Retype the lines from the one containing "ซุ้มล้อ-แก้มข้าง Carbon Fiber" through the last line of the entries below, exactly and in full, omitting every image.

▶ Provided entries
+ + + +
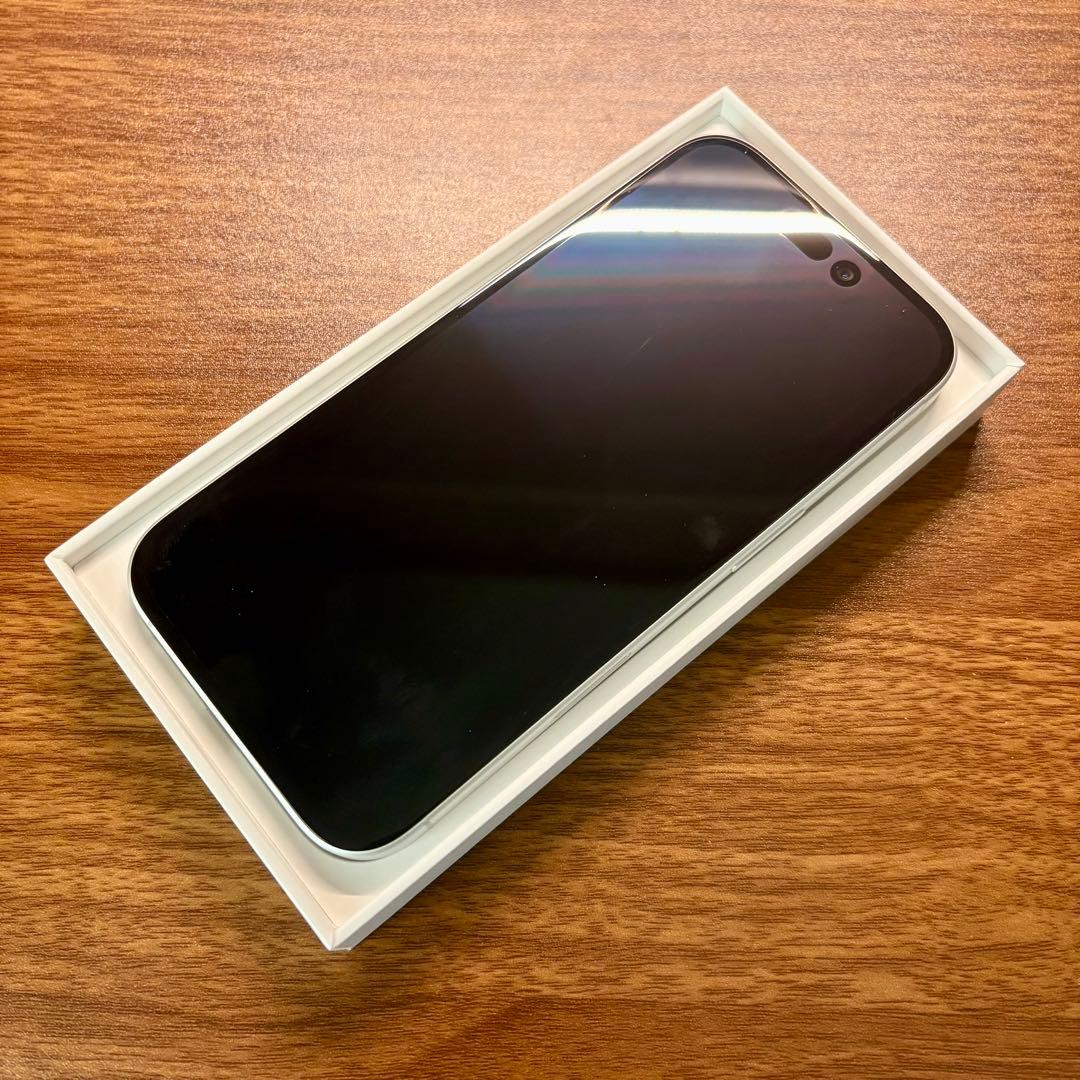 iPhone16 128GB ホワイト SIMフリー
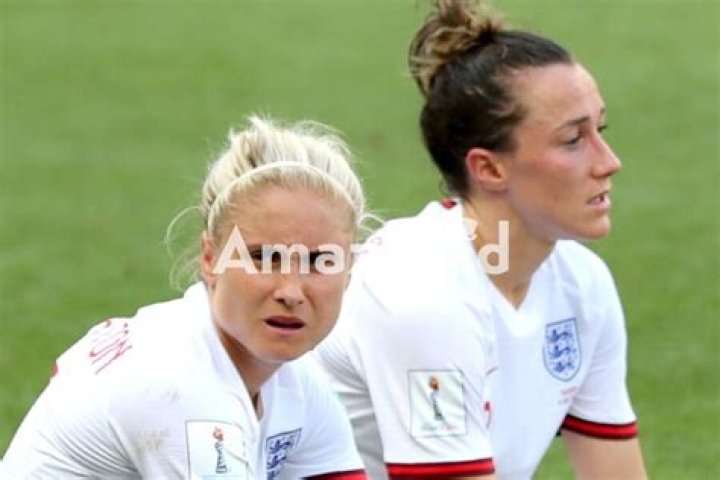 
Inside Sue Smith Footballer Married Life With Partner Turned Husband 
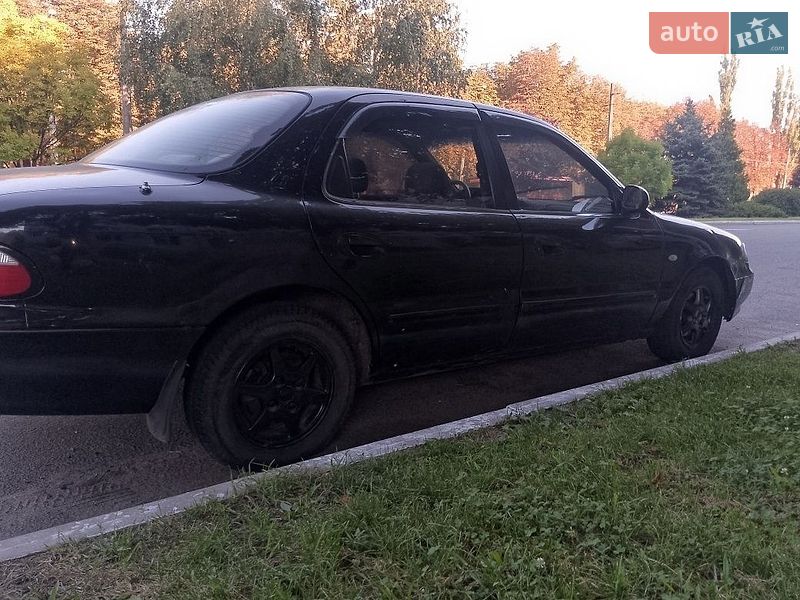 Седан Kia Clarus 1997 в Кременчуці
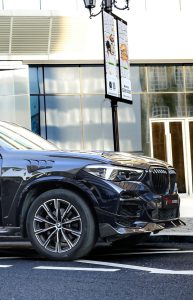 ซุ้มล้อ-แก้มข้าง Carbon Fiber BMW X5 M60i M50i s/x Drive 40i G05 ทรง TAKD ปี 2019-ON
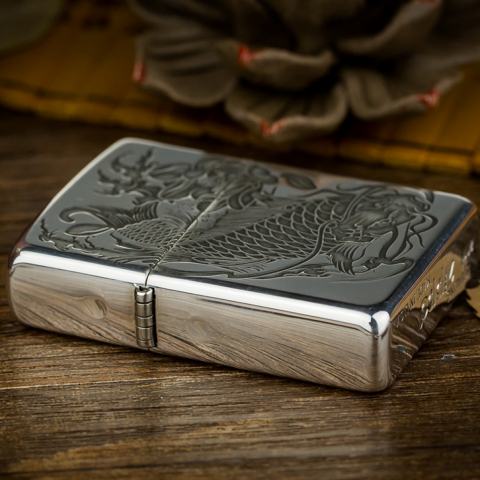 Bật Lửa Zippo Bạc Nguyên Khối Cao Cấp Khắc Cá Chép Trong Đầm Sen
+ + + +
▶ Written solution
 ซุ้มล้อ-แก้มข้าง Carbon Fiber BMW X5 M60i M50i s/x Drive 40i G05 ทรง TAKD ปี 2019-ON
 Bật Lửa Zippo Bạc Nguyên Khối Cao Cấp Khắc Cá Chép Trong Đầm Sen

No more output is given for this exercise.